The full listing, returned exactly and free of pictures, is the expected answer.

___ Material for the task ___

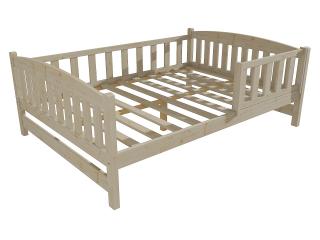 Dětská postel DP 002 XL se zábranou Barva-3: surové dřevo, Rozměr: 120 x 200 cm
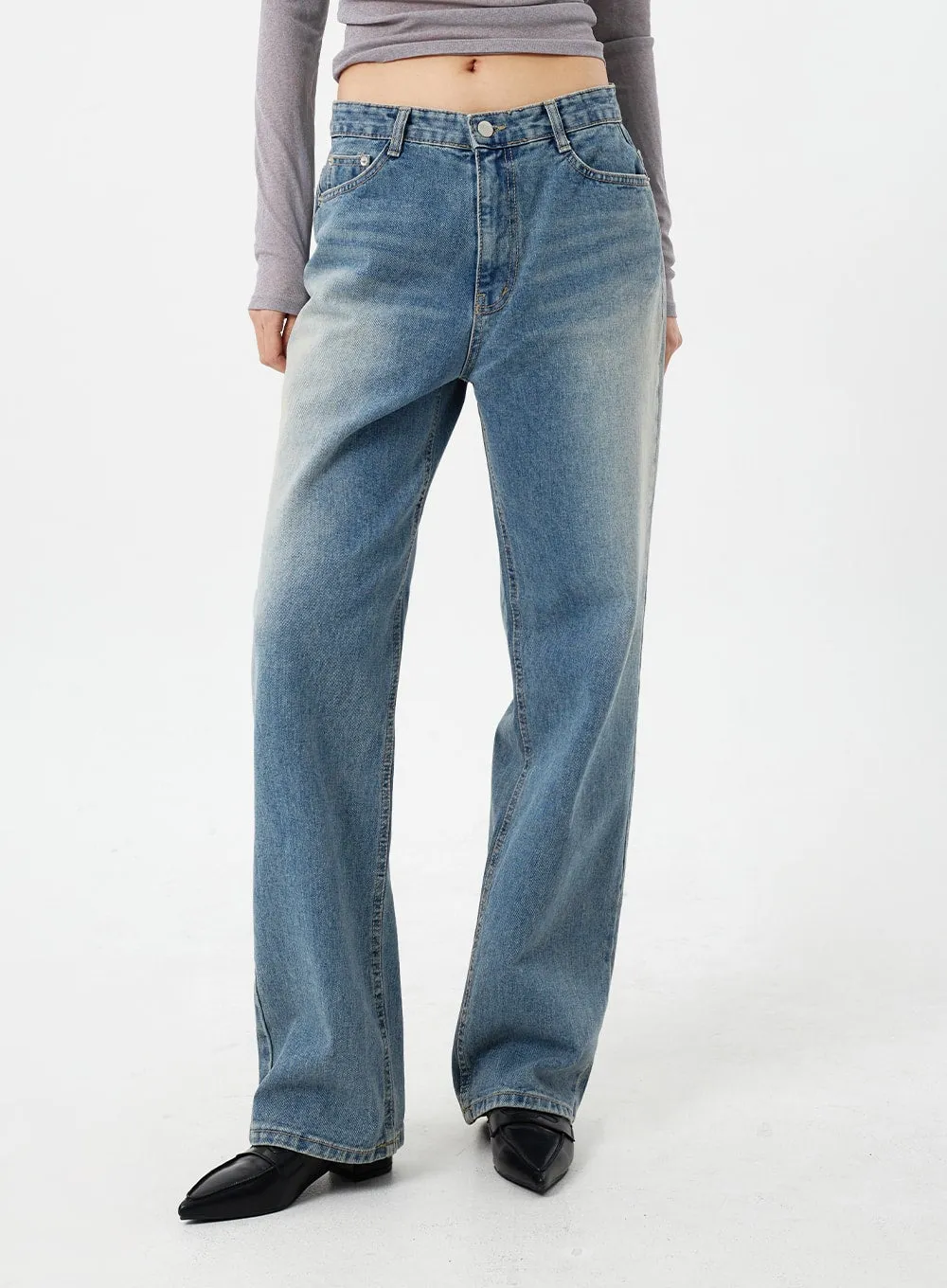 Mid-Wash Wide Leg Jeans CM308 sold by Lewkin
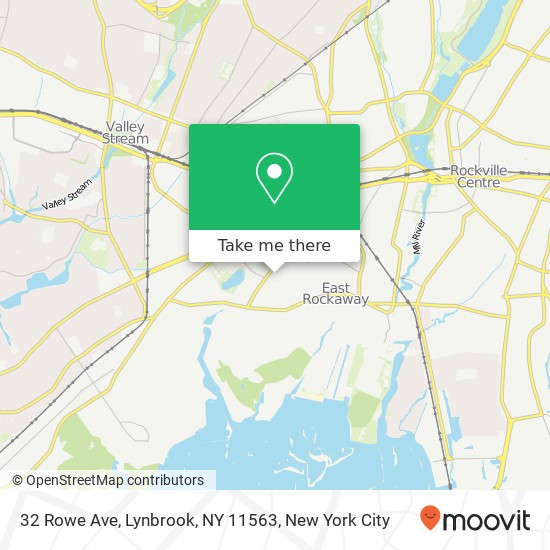 Mapa de 32 Rowe Ave, Lynbrook, NY 11563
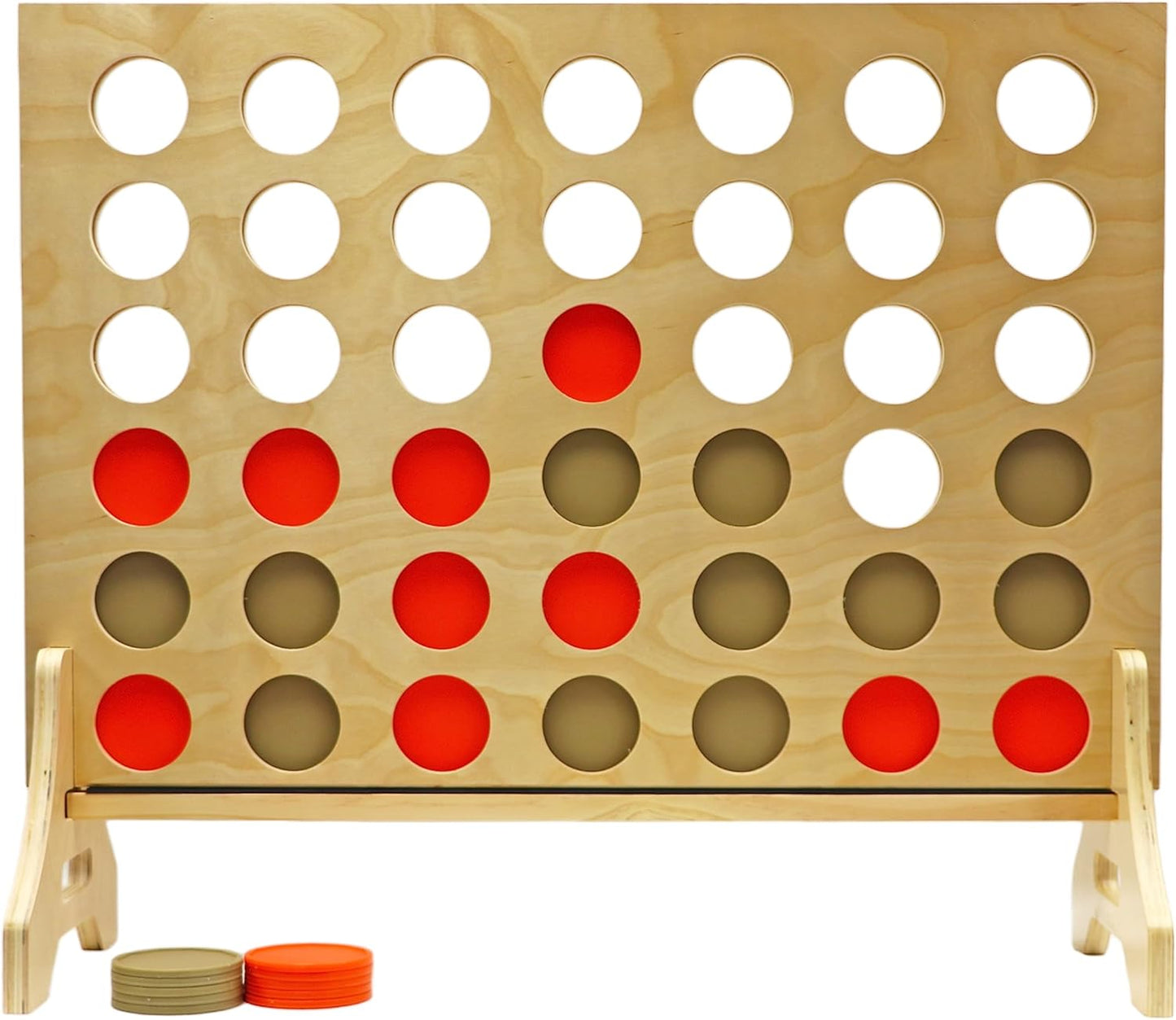 Tailgating Pros Premium Giant Four in a Row with Carrying Case - Jumbo Oversized Outdoor Yard Game - Connect Multiple Pucks in a Row to Win - Many Puck Colors Available!
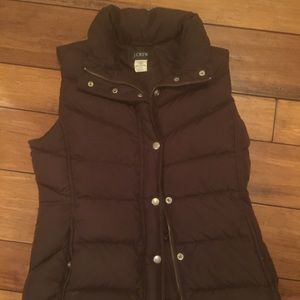 J Crew brown puffer vest small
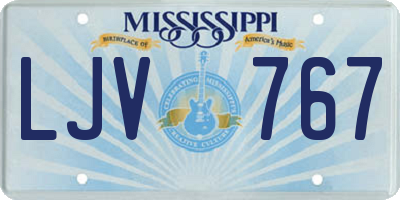 MS license plate LJV767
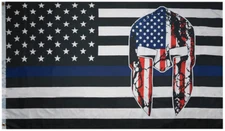 USA Police Memorial Molon Labe Thin Blue Line 100D Woven Poly Nylon 3'x5' Flag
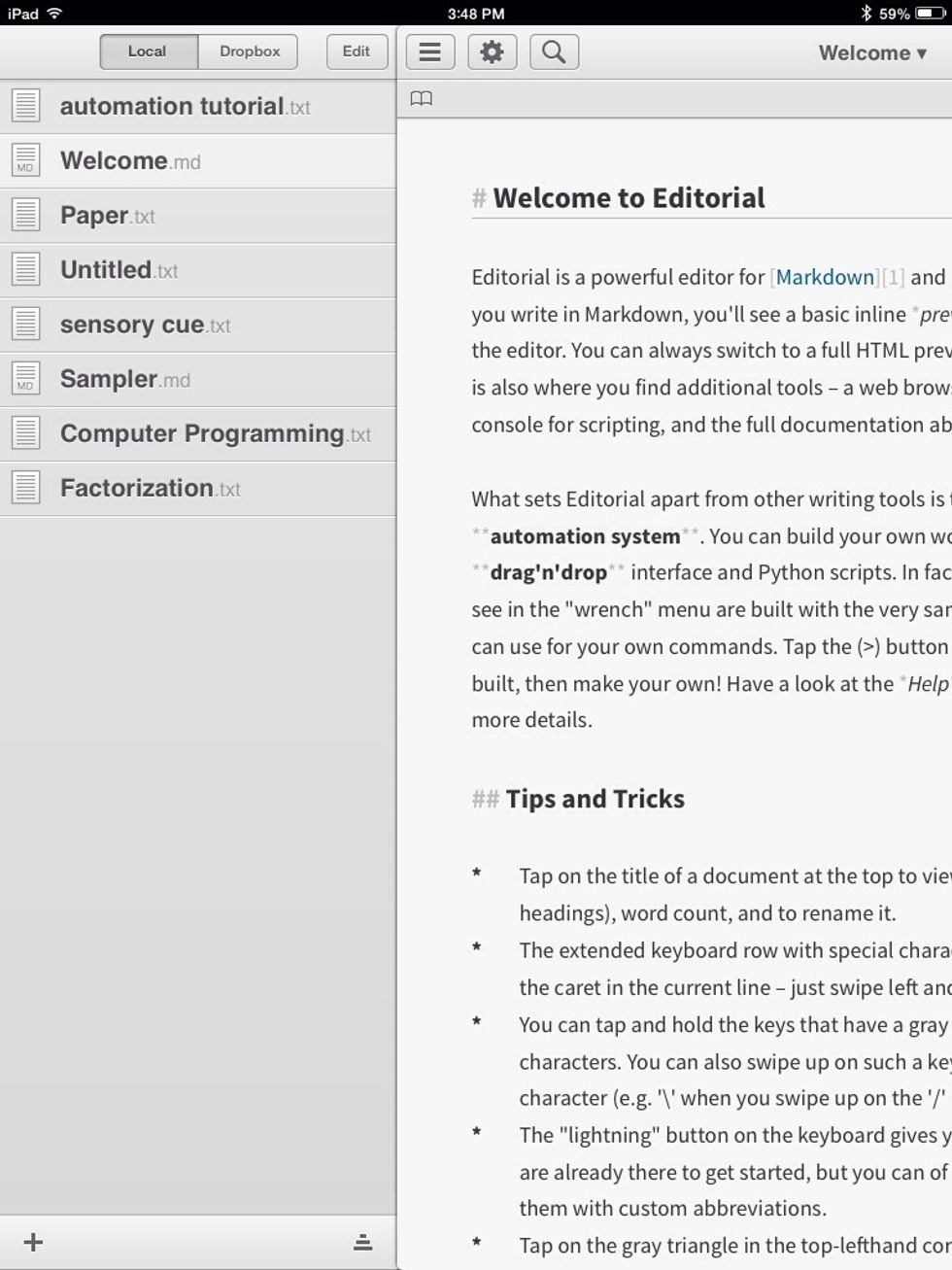 Tap the plus to create a new file.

___

**Task response:**
 Dětská postel DP 002 XL se zábranou Barva-3: surové dřevo, Rozměr: 120 x 200 cm
 Mid-Wash Wide Leg Jeans CM308 sold by Lewkin
 Mapa de 32 Rowe Ave, Lynbrook, NY 11563
 Tailgating Pros Premium Giant Four in a Row with Carrying Case - Jumbo Oversized Outdoor Yard Game - Connect Multiple Pucks in a Row to Win - Many Puck Colors Available!
 J Crew brown puffer vest small
 MS license plate LJV767
 USA Police Memorial Molon Labe Thin Blue Line 100D Woven Poly Nylon 3'x5' Flag
 Tap the plus to create a new file.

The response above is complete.